Editor: Ronald L Calabrese1

In the interests of transparency, eLife includes the editorial decision letter and accompanying author responses. A lightly edited version of the letter sent to the authors after peer review is shown, indicating the most substantive concerns; minor comments are not usually included.

Thank you for submitting your article "Detection of transient synchrony across oscillating receptors by the central electrosensory system of mormyrid fish" for consideration by eLife. Your article has been favorably evaluated by Eve Marder (Senior editor) and three reviewers, one of whom, Ronald L Calabrese (Reviewer #1), is a member of our Board of Reviewing Editors. The following individuals involved in review of your submission have agreed to reveal their identity: Maurice J Chacron (Reviewer #2); John E Lewis (Reviewer #3).
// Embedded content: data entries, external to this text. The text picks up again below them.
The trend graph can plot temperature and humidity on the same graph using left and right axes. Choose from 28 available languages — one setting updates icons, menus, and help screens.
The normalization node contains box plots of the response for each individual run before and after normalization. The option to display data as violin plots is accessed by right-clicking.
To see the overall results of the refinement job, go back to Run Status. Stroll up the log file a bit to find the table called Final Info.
The reviewers have discussed the reviews with one another and the Reviewing Editor has drafted this decision to help you prepare a revised submission.

Summary:

The authors present a very interesting advance to a previous publication in eLife in which they had demonstrated that spontaneously oscillating electroreceptors in weakly electric fish (Mormyridae) respond to electrosensory stimuli with a phase reset that results in transient synchrony across the receptor population. The advance here is that they extend this observation to the electrosensory lobe where electroreceptor sensory information is processed. They do this in the context of comparisons to other species that do not have oscillating, but spiking, receptors and are sensitive to electrosensory waveform variation. The analysis indicates that the oscillating receptor synchrony is processed faithfully in the EL of oscillating receptor fish, and the comparisons have interesting evolutionary implications: anatomical, physiological, and behavioral.
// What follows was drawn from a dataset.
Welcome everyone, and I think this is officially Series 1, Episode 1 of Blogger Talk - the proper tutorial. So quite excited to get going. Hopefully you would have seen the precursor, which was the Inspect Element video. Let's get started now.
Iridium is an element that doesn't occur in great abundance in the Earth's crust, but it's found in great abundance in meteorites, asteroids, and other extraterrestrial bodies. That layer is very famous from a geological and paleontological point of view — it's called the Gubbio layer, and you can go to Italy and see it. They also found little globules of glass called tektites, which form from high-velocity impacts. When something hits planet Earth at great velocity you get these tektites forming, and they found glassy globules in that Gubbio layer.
This advance should be a wide interest in the neuroethology community and also to other sensory physiologists and neuroscientists interested in the role of oscillations in brain networks (especially sensory networks) because it serves as an example of how synchrony can carry critical information.

Essential revisions:

1) The interpretation of the sinewave stimuli as in Figure 3 (also used in the first paper) is tricky. It appears that the stimulus is a single cycle sinewave "pulse", and so frequency is related to EOD pulse duration in a way. We ask the authors to clarify how the sinewave stimuli were obtained and delivered, perhaps by showing actual waveforms.
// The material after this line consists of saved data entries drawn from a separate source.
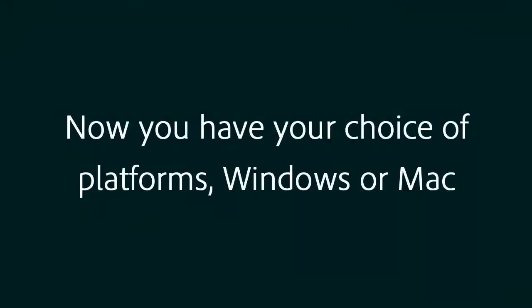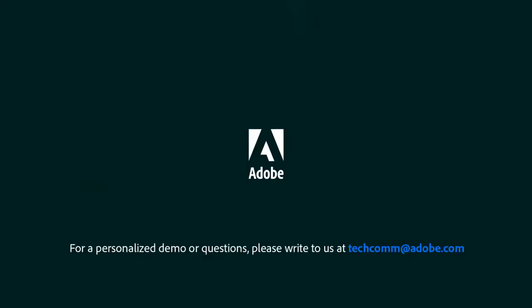Now you have your choice of platforms, Windows or Mac. For a personalized demo or questions, please write to us at techcomm@adobe.com.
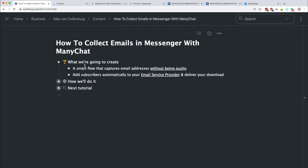So first of all, what are we going to create? We're going to create a smart flow that captures email addresses without being pushy, and I think that's really important because I see a lot of people who are too eager to get someone's email address and that's really hurting your conversion rates. After we capture an email address we're going to add them automatically to your email service provider and deliver a download.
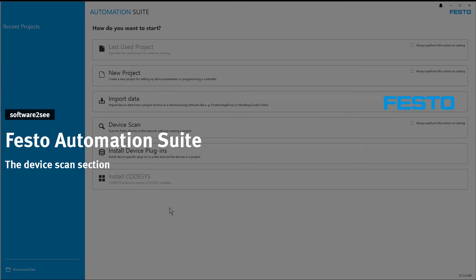Hello and welcome to Software2C from Festo. This video is about the device scan section in Festo Automation Suite.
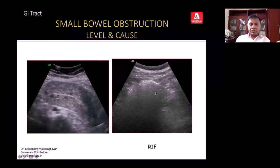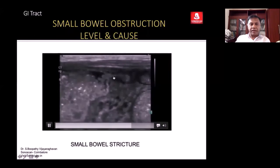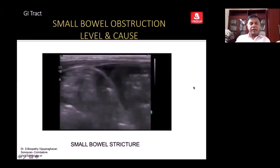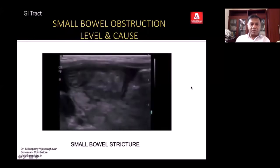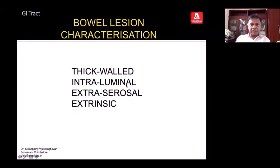In the right iliac fossa, if you don't see dilated loops and you see a normal appearance of the cecum, the obstruction is somewhere in between — it may be in the jejunum or ileum. You diagnose it when the lumen suddenly stops and you see a narrow lumen with short segment thickening of the wall, which is a small bowel stricture. You may also see a very thick adhesive band, followed by a collapsed loop with the bowel signature.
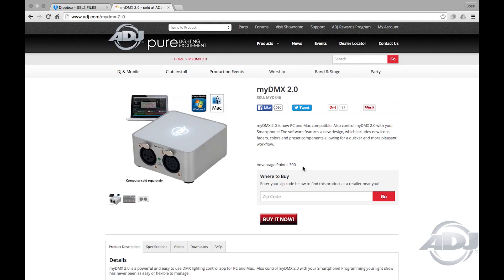You may either find profiles via our updated Dropbox folder or by email if someone sends you a specific SSL2 profile directly to you. In either case, the import process is relatively the same. You'll find a complete list of our updated profiles on our Dropbox folder link, which you can find in the description section of this video or by visiting the ADJ website under the myDMX 2.0 product page.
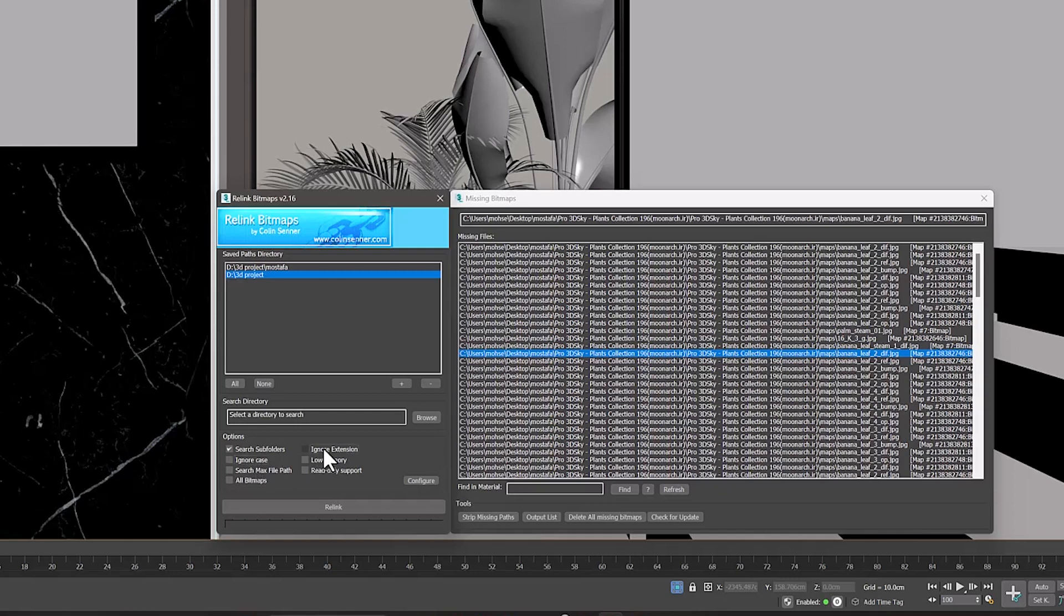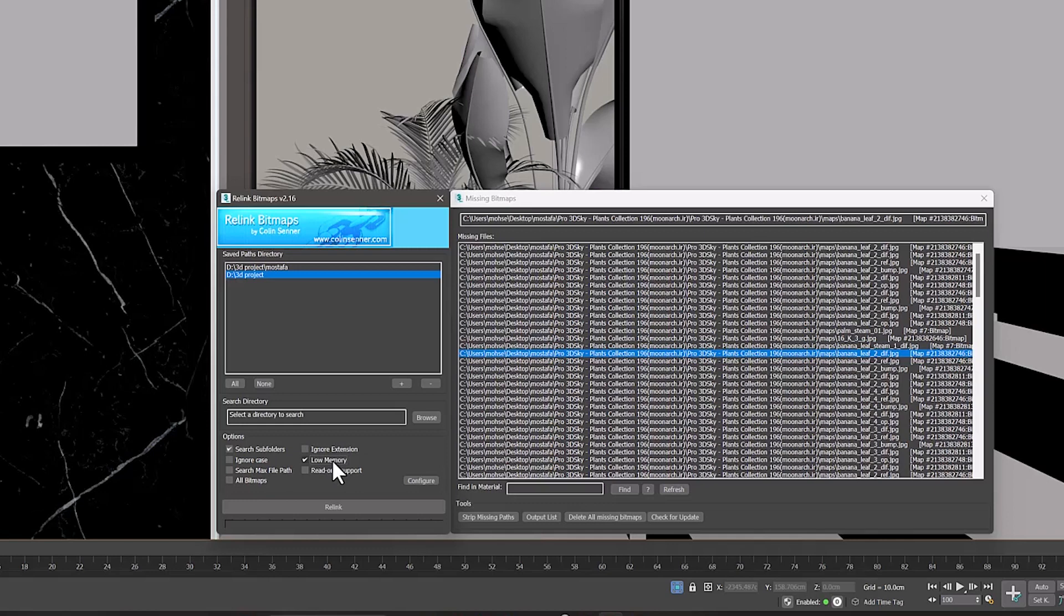Ignore Extension also ignores the file format type in the search. When you have a large scene with many textures and your system does not have enough RAM, it is better to activate the Allow Memory option. The Search Max File Pass option also performs the search process in the path where the 3D MAX file is saved.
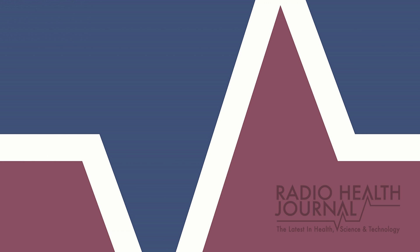Listen to Radio Health Journal and Viewpoints on your favorite radio station. And subscribe and listen anytime on Apple Podcasts, Google Play, and Spotify. Also, follow us on Instagram and Twitter at Radio Health Journal.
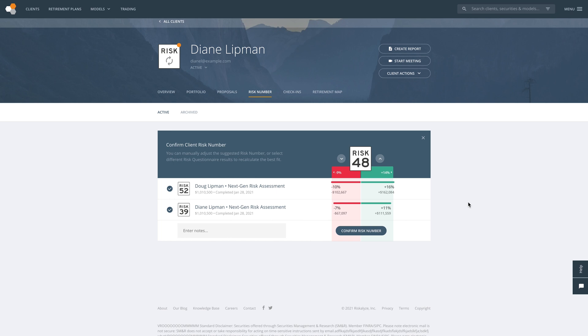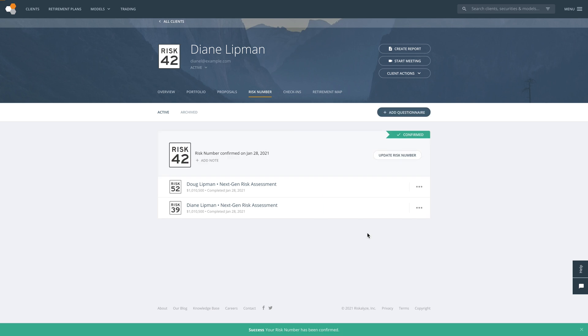Whether your client is across the room or across the world, you can send them a link and walk them through the entire process from start to finish. If you need to capture multiple risk numbers for spouses and investment committees, it's easy to do that and reconcile them all into one risk number.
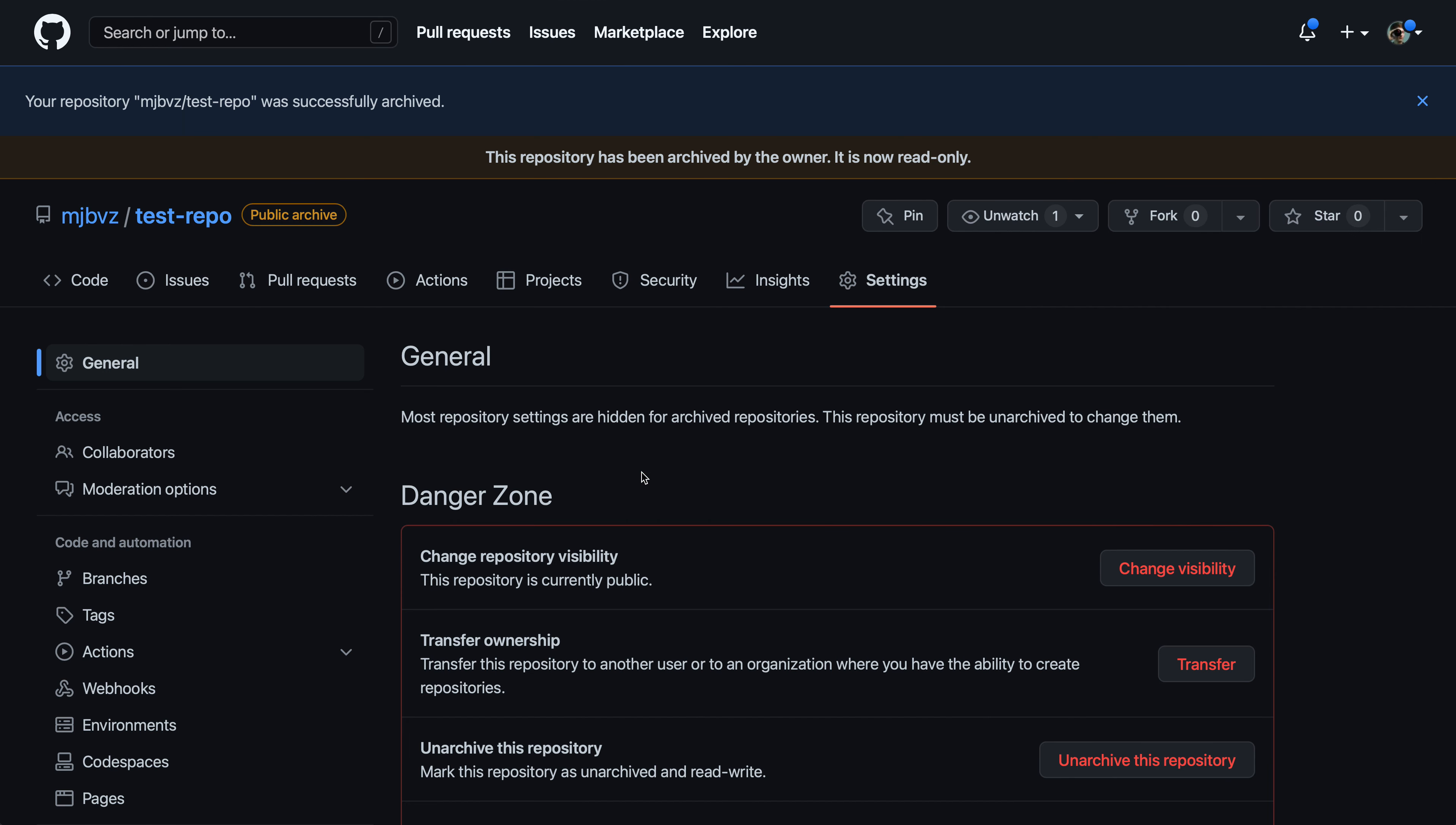At this point, the repository has now been archived. So again, everything is now in a read-only state. No new issues can be created and no code changes can be pushed to it either.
The Field Potential response is less sensitive to amplitude of this pulse in P. tenuicauda (oscillator species); FP amplitude also peaks at a much lower frequency (or duration) than the typical range of EOD pulse duration, suggesting that this species does not code EOD duration. It would enhance the impact of the advance to show how the level of synchrony changes over the stimulus amplitude range tested in Figure 3C (which shows relatively small changes in FP amplitude, and thus given a synchrony code, would suggest little change in synchrony). Synchrony in oscillating receptors should correlate with the relative lack of change in FP amplitude in P. tenuicauda. It should also correlate with changes in FP amplitude in species with spiking receptors. These data may be available from experiments already performed in the previous paper and this advance, and if so would we ask for these analyses rather than new experiments. If the expectation cannot be confirmed in existing data then the issue should be dealt with forthrightly in Discussion.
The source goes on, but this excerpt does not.